Kernel provides compute functionality of Fully Connected Layer: \( Y^T = X^T \times H^T + B^T\).
Kernel requires feature map ( \( X^T \)), coefficients ( \( H^T \)), and bias ( \( B^T \)) to be available in memory
8- and 16-bit datatypes supported
Supported datatypes for feature map are 8- and 16-bit signed or unsigned
Supported datatypes for coefficients are 8- and 16-bit signed
Supported datatypes for bias are 32- and 64-bit signed
Supported datatypes for output are 8- and 16-bit signed or unsigned
This kernel requires specific data arrangement for the kernel matrix to alleviate bank conflicts in L2 when performing DMA transfers in conjunction to execution of this kernel
Desired physical bank-access pattern for SEs and DMA in L2 is {0,0,1,1,2,2,3,3,0,0,1,1,2,2,3,3, ...}
Re-ordering functionality of MMALIB_CNN_fullyConnectedBias_ixX_ixX_oxX_reorderWeights may be used
Below figure shows two examples where MMALIB_CNN_fullyConnected_ixX_ixX_oxX_InitArgs.Ni (512); Number of output features = 128 or 104
Filter Coefficient Buffer
Three buffers of type MMALIB_bufParams2D_t : src0 \( \rightarrow X^T \); src1 \( \rightarrow H^T \); src2 \( \rightarrow B^T \), and dst \( \rightarrow Y^T \)

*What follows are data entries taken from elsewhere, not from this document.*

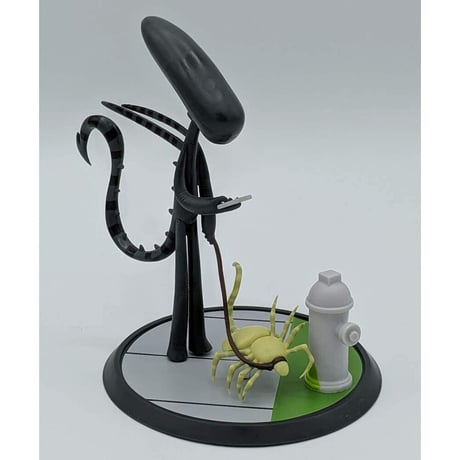 Alien Out for A Walk Collectible Figure by Joey Spiotto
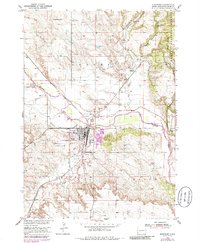 Edgemont 1950 topographic map thumbnail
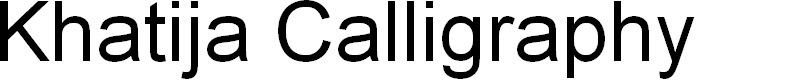Preview image for Khatija Calligraphy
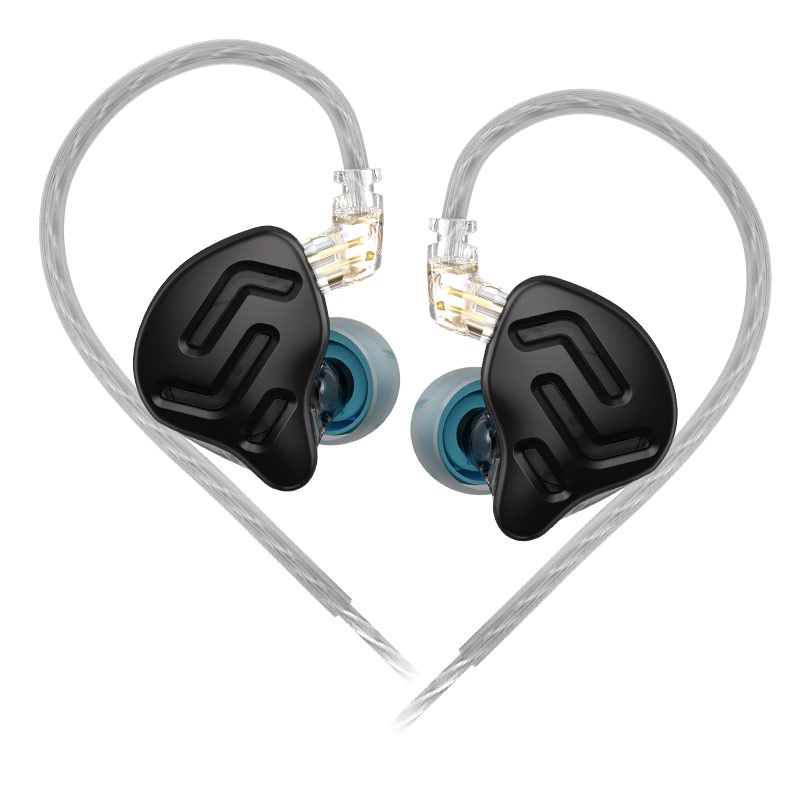 Kz ZNA 1DD+ 1BA Teknologi Hibrida HIFI Earphone 12MM Dual Magnetic Dynamic Dan Seimbang Armature Headphone Musik DJ Headset Earbuds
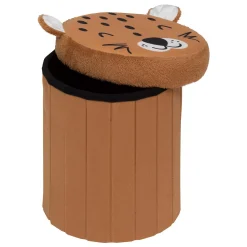 Fauteuils*Atmosphera Pouf-coffre pliant de Léopard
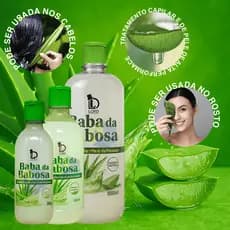 Baba Da Babosa Extrato Natural P/ Cabelos e Pele Aloe E Vera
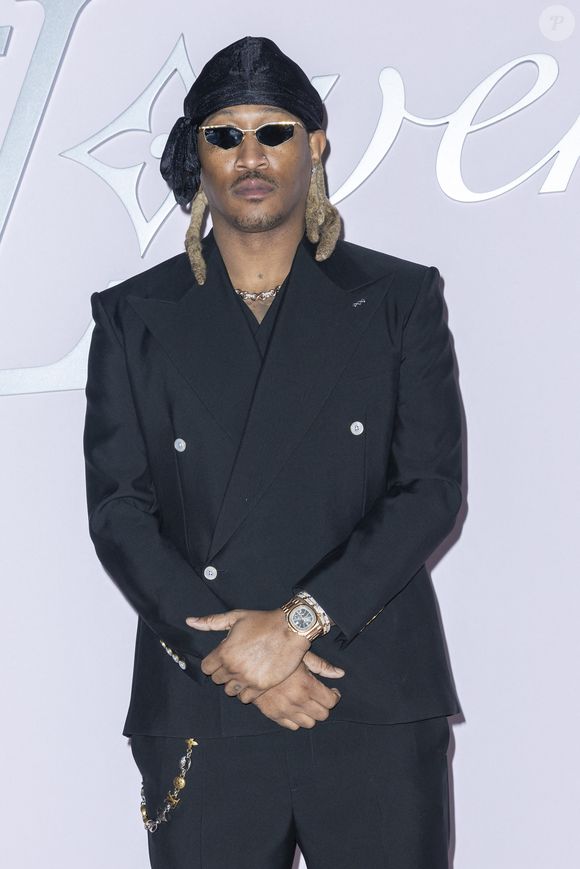Future (bracelet Messika) - Photocall pour le défilé Louis Vuitton prêt à porter hommes Automne / hiver  2025 - 2026 lors de la fashion week à Paris le 21 2025. © Olivier Borde /Bestimage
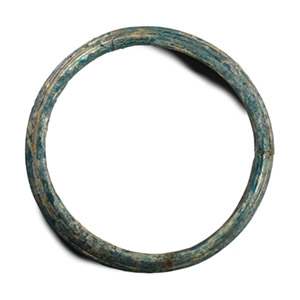 Very Large Roman Blue Glass Arm-Ring Bangle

The kernel also supports cases when parameter or feature map matrix does not fit in L2 memory
int32_t MMALIB_CNN_fullyConnectedBias_ixX_ixX_oxX_getHandleSize (MMALIB_CNN_fullyConnectedBias_ixX_ixX_oxX_InitArgs *pKerInitArgs)
This is a query function to return the size of internal handle. More...
MMALIB_STATUS MMALIB_CNN_fullyConnectedBias_ixX_ixX_oxX_init (MMALIB_kernelHandle handle, const MMALIB_bufParams2D_t *src0_addr, const MMALIB_bufParams2D_t *src1_addr, const MMALIB_bufParams1D_t *src2_addr, const MMALIB_bufParams1D_t *src3_addr, const MMALIB_bufParams2D_t *dst_addr, const MMALIB_CNN_fullyConnectedBias_ixX_ixX_oxX_InitArgs *pKerInitArgs)
This function call is required to initialize the handle. In this function most of the one time operations are performed and results are stored in the handle. More...
MMALIB_STATUS MMALIB_CNN_fullyConnectedBias_ixX_ixX_oxX_init_checkParams (MMALIB_kernelHandle handle, const MMALIB_bufParams2D_t *src0_addr, const MMALIB_bufParams2D_t *src1_addr, const MMALIB_bufParams1D_t *src2_addr, const MMALIB_bufParams2D_t *dst_addr, const MMALIB_CNN_fullyConnectedBias_ixX_ixX_oxX_InitArgs *pKerInitArgs)
This function checks the parameters and should be called before kernel execution. It can be called once. More...
MMALIB_STATUS MMALIB_CNN_fullyConnectedBias_ixX_ixX_oxX_exec (MMALIB_kernelHandle handle, const void *src0, const void *src1, const void *src2, const void *src3, const void *src4, void *dst, const MMALIB_CNN_fullyConnectedBias_ixX_ixX_oxX_ExecInArgs *pKerExecInArgs, MMALIB_CNN_fullyConnectedBias_ixX_ixX_oxX_ExecOutArgs *pKerExecOutArgs)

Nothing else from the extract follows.